● **TASK TO CARRY OUT**:
In your copy, repeat each record exactly and include no pictures.

------------

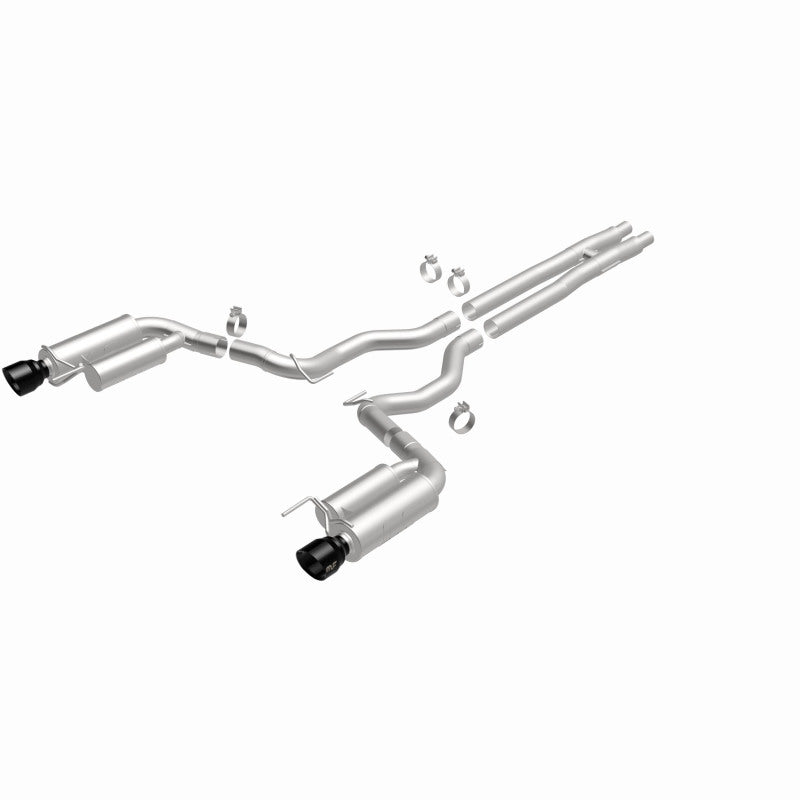 MagnaFlow 2024 Ford Mustang GT 5.0L Competition Series Cat-Back Performance Exhaust System - DTX Performance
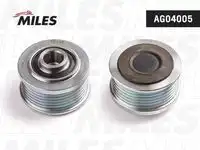 Ag04005 муфта свободного хода hyundai/kia 2.0d/2.2d 04- MILES AG04005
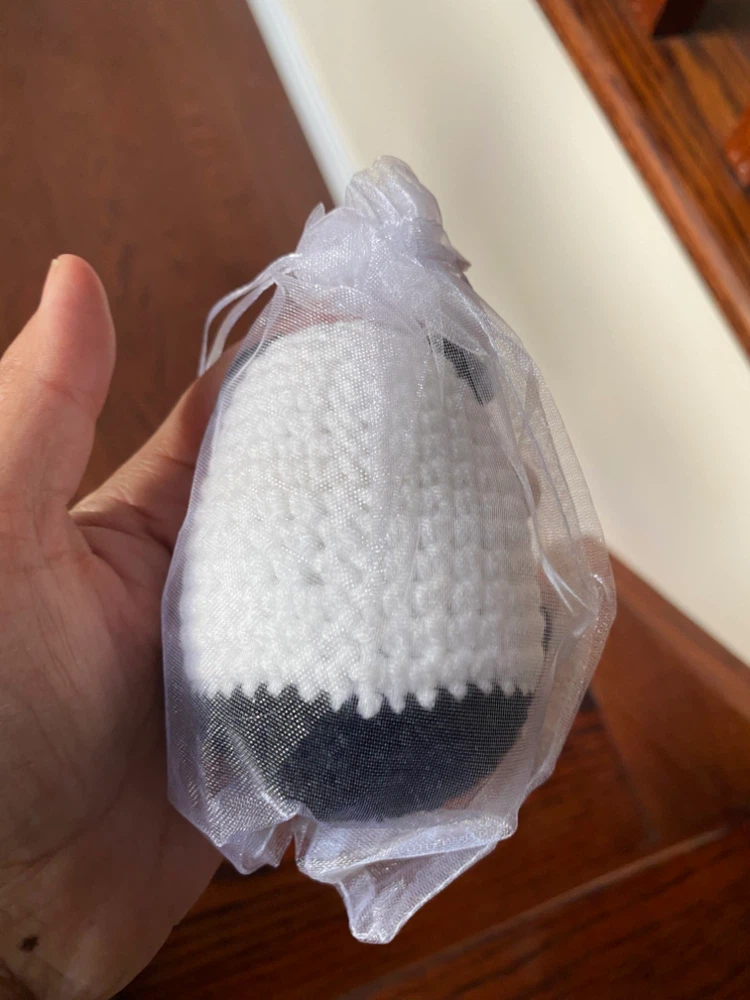 Crochet Panda Keepsake for Grandpa - photo 3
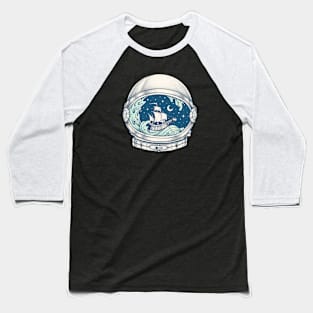 astronaut Baseball T-Shirt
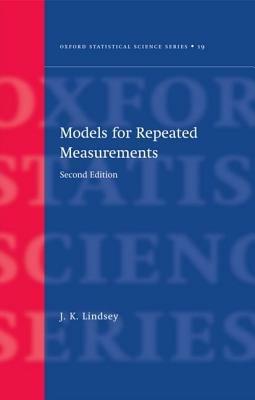 Models for Repeated Measurements - J. K. Lindsey - cover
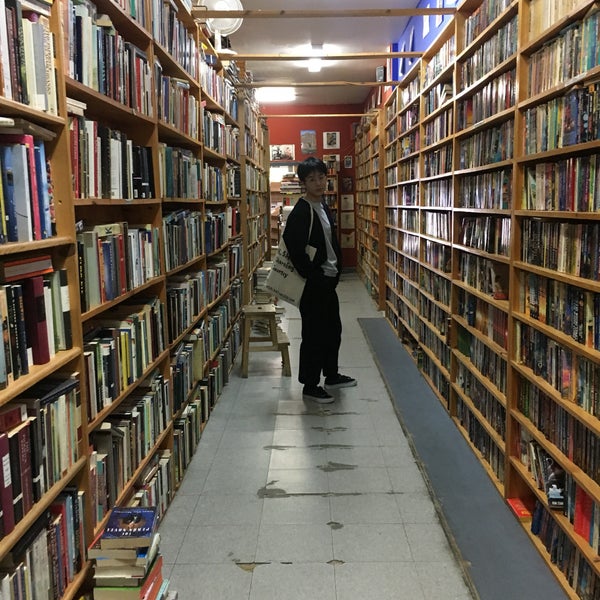 Pulpfiction Books Bookstore in Vancouver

------------

● **PROBLEM SOLUTION**:
 MagnaFlow 2024 Ford Mustang GT 5.0L Competition Series Cat-Back Performance Exhaust System - DTX Performance
 Ag04005 муфта свободного хода hyundai/kia 2.0d/2.2d 04- MILES AG04005
 Crochet Panda Keepsake for Grandpa - photo 3
 astronaut Baseball T-Shirt
 Models for Repeated Measurements - J. K. Lindsey - cover
 Pulpfiction Books Bookstore in Vancouver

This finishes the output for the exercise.